Some weekends a family descends on the house behind us, and the sounds of laughter, singing, and shouting fills the air. Now that we’re entering the rainy season, we hear the evening patter of rain, or, occasionally, a downpour so loud we have to put closed captioning on tv. Once in awhile, there are serious claps of thunder. 

 Always, always there’s the quiet sound of the surf, a quarter mile away, pounding in the background. 

 Not a bad playlist at all.



Saturday, April 24, 2021

Hacienda Baru

Ted. Wildlife is the big draw to Costa Rica for us and millions of others. This little country, about the size of North Georgia, has over 500,000 species of plants and animals making it’s biodiversity virtually unmatched on our planet. 

One morning, in an effort to spot a few more species, we drove to nearby Hacienda Baru, a lodge/wildlife preserve established in the 70’s as an early pioneer in returning farmland to forest. As one might expect, when the cattle left and the trees returned, the wild animals soon followed. For a modest fee, one can wander the trails all day long (or til you run out of water). 




Judy and I came upon a coatimundi (raccoon-like), a collared peccary (wild pig), lots of agoutis (large rodents) and even a white-tailed deer. We also surprised a troop of white-faced monkeys who responded by throwing sticks at us. No doubt lots of other animals quietly watched us. 

White-faced (capuchin) monkey

We never saw any other visitors on our walk but did come around a bend and happen upon Juan, a caretaker and former guide who shared stories of his 28 years working there.
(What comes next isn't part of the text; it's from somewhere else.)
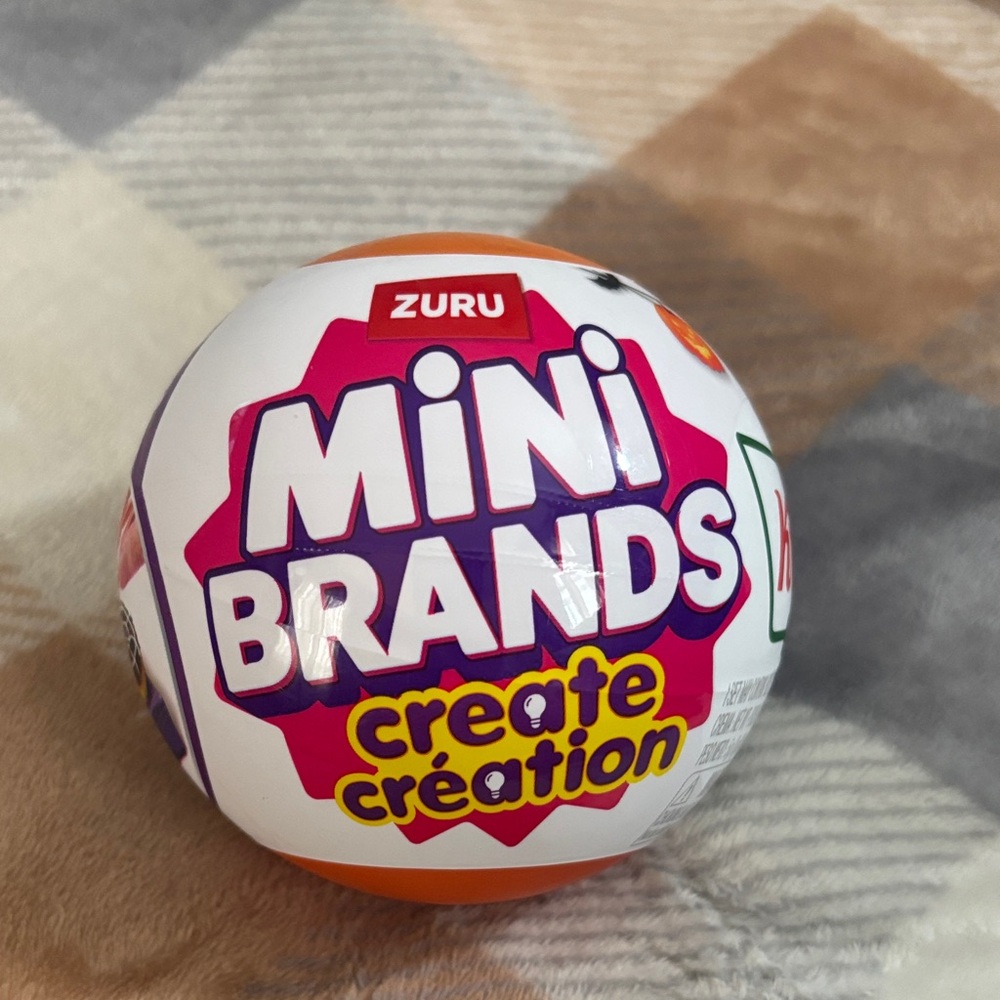 Mini Brands Krispy Kreme Halloween Limited Edition Doughnut - Picture 2 of 3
His Spanglish wasn’t bad but Judy’s four years of Spanish lessons really helped. 

We have seen lots of expats here and some short-term visitors so it was nice to just walk in the woods accompanied by a few animals... and Juan.



Friday, April 23, 2021

Quote du Jour

“If you settle in, even for two weeks, live in a house not a hotel, and you buy figs and soap at the local places, sit in cafés and restaurants, go to a local concert or church service, you cannot help but open to the resonance of a place and the deeper you go, the stranger the people become because they’re like you and they’re not.”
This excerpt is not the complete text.